Estvan said he understands that a non-educator like Claypool might be puzzled that so much money goes to a relatively small group of children. But Estvan argued it is not that special education students in Chicago get too much; it is that they get too little.

“Special education is not designed to be a permanent status, but in CPS it becomes a permanent status,” he said. “Why does it become a permanent status? Because the services are so underwhelming that they cannot provide the additional help you need to get over the hump.”

Bring in the auditors
Before the release of the report on special education, CPS quietly paid auditors from some of the biggest names in consulting — Crowe Horwath, PricewaterhouseCoopersand KPMG — to analyze special education data and work with its special education department to come up with changes, according to a WBEZ analysis of nearly 1,600 pages of invoices and contracts.

The auditors worked under what’s called “professional service” contracts, a notoriously vague type of contract that requires no public input. These contracts essentially put businesses in a rolodex that CPS can tap for a broad range of work that isn’t publically disclosed.

In several billing documents reviewed by WBEZ, Crowe Horwath made clear it was deeply involved in crafting the rules and documentation needed for a child to receive special education services — things like busing or an aide to accompany students during the school day.

In one document, for example, it cited this central task: “Developed and documented protocols around eight key aspects in a student’s IEP (individualized education plan).” These consultants billed CPS as much as $350 an hour.

A CPS invoice from Crowe Horwath consultants lists their tasks related to CPS 'diverse learners' or special education students, including 'working to create a standardized manual that will act as a procedural handbook.'
These big professional service contracts began under Claypool, who took over CPS in the summer of 2015, and have grown exponentially under his administration. Many of these contractors have long-standing professional ties to Claypool and his team. Altogether, these three firms have been paid more than $14 million under these deals since October of 2015.

Denise Little, a senior advisor to Claypool, downplayed the role of the consultants. Little said she and other CPS officials wrote the protocols and that the consultants essentially edited them.

Claypool defended the use of the auditors. He said special education was suffering because no one was carefully tracking services and checking whether “best practices” were followed.

“(The auditors) are experts in data and they are experts in IT systems and they are experts in process improvement,” he told WBEZ. “That is their expertise. They have decades of success at top levels of management consulting firms, and that is what was required.”

Keenan, CPS’ current head of special education, noted that other school districts have similar manuals.

Changes to special education funding and services
After the new guidelines were created with help from outside auditors, CPS officials turned their attention to the pot of money used to fund special education.

At the start of last school year, CPS budgeted about $29 million less than the year before at its more than 500 district-run schools, a WBEZ analysis of CPS data found. CPS officials said they ultimately spent at least $15 million more than budgeted, but they could not provide a full explanation of where that money went. CPS’ special education enrollment dropped by about 1 percent, but not nearly enough to explain the major dip in funding.

At CPS’ charter schools, which are publicly funded but privately run, the district spent about $5 million more last year for special needs students. Those schools saw a slight uptick in special education enrollment. Cutting special education in charter schools is more difficult than in district-run schools because charter contracts spell out how they are reimbursed for expenses.

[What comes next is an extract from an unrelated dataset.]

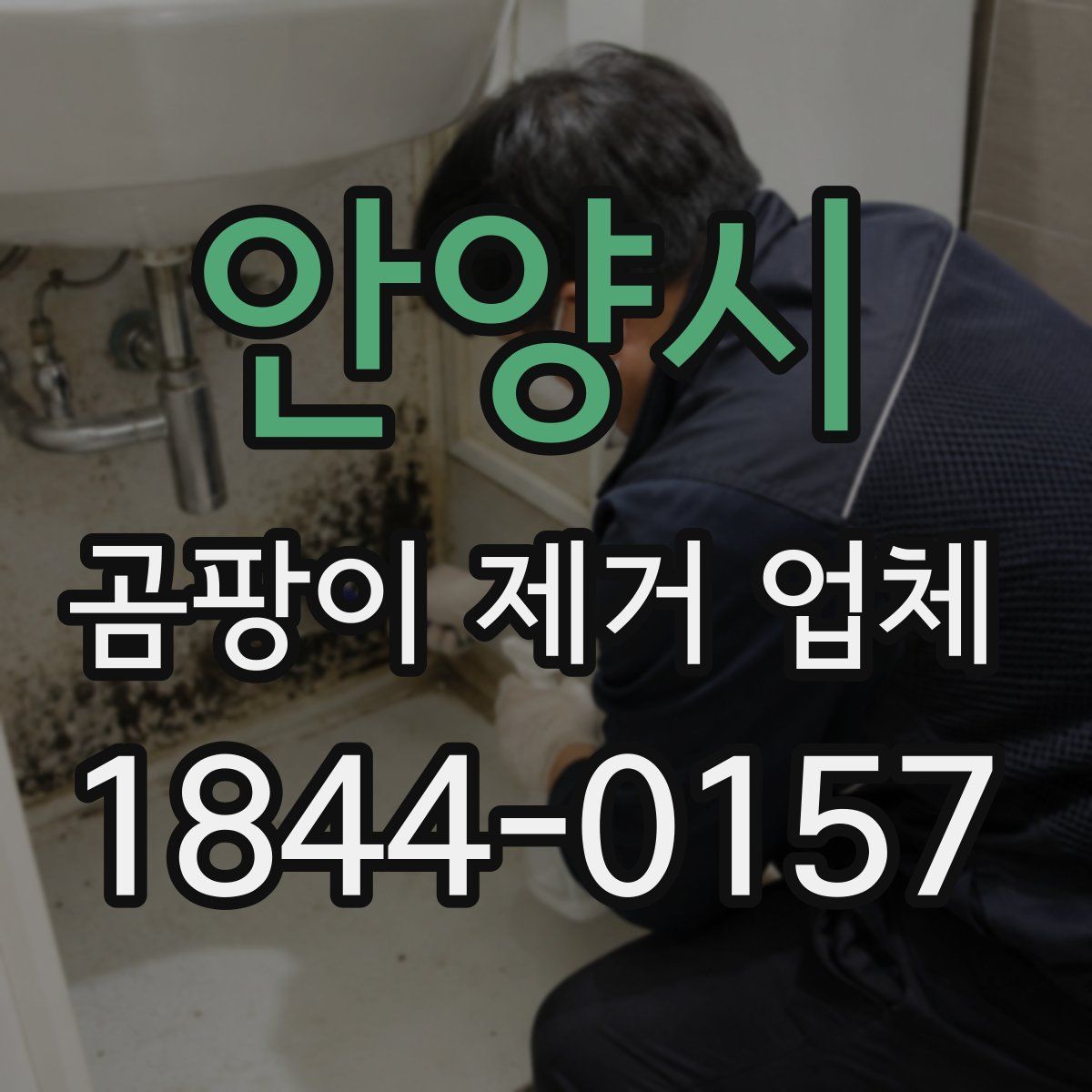 안양시 곰팡이 제거 업체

The cutbacks at CPS’ district-run schools meant there were 350 fewer special education teachers and 76 fewer aides in the spring of 2017 compared to the year before, according to WBEZ’s analysis of CPS data.

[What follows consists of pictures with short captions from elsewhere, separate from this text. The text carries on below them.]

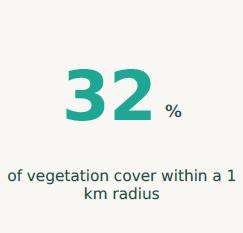 Vegetation Cover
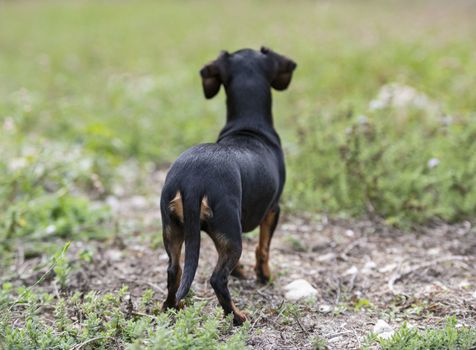 black and tan Dachshund walking in the nature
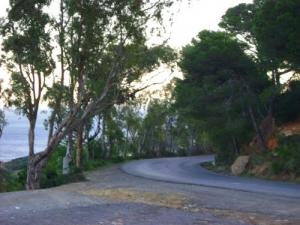 Route de Sidi Rached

As CPS began cutting its special education budget, children got less time with specialists, such as occupational therapists and psychologists. The time with these clinicians decreased by about 12 percent on average over the course of last year.

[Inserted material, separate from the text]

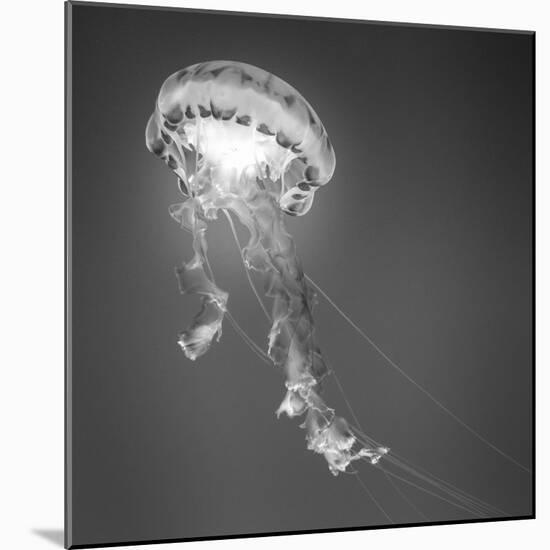 Medusa 1-Moises Levy-Mounted Photographic Print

Special education students received fewer services last year

Compared with the previous year, time with specialists dropped in the 2016-2017 school year even though the number of students with special needs stayed about the same.

PHYSICAL THERAPY

-12%

NURSING

-12%

OCCUPATIONAL THERAPY

-13%

PSYCHOLOGICAL SUPPORT

-29%

SOCIAL WORK

-13%

SPEECH LANGUAGE THERAPY

-10%

Notes

This data does not include charter schools or alternative schools.
Time with psychologists dropped the most by nearly 30 percent, while time with social workers and physical therapists dropped by about 13 percent.

The number of clinicians also dropped. Though CPS employee records show almost no change in budgeted positions in September, there were 100 clinician vacancies by March.

And the number of special-needs children who got an extended school year — extra class time, usually in the summer — dropped by 56 percent last year, from 7,084 to 3,176.

In an interview with WBEZ, CPS officials involved with the special education overhaul said if students were denied services, it was because they didn’t qualify under the new criteria.

Yolanda Williams’ daughter was one of thousands of students affected. She has Down syndrome and had qualified for occupational therapy for years, Williams said. But last year the staff at Penn Elementary in North Lawndale suddenly stopped providing it to her, she said.

Williams’ daughter sees an occupational therapist outside of school at the University of Illinois-Chicago. That therapist says the girl still needs the extra help at school, Williams said.

“I am trying to understand what happened and why?” she said.

The UIC therapist is teaching her daughter life skills such as brushing her teeth and tying her shoes, Williams said. But she said her daughter’s handwriting is virtually unreadable and she doesn’t know how to read, which are skills an in-school occupational therapist could work on.

Parents begin to notice

Katherine Gladson, a legal aid attorney with expertise in special education, has worked for years helping parents advocate for their children at various Chicago public schools.

She said in previous years, children who needed special education services would go through an evaluation, and then an agreement would be made between the teacher, school clinicians, and a parent.

But under the rules in the new special education manual, that agreement is now only the first step. Next comes reams of documentation and outside approvals.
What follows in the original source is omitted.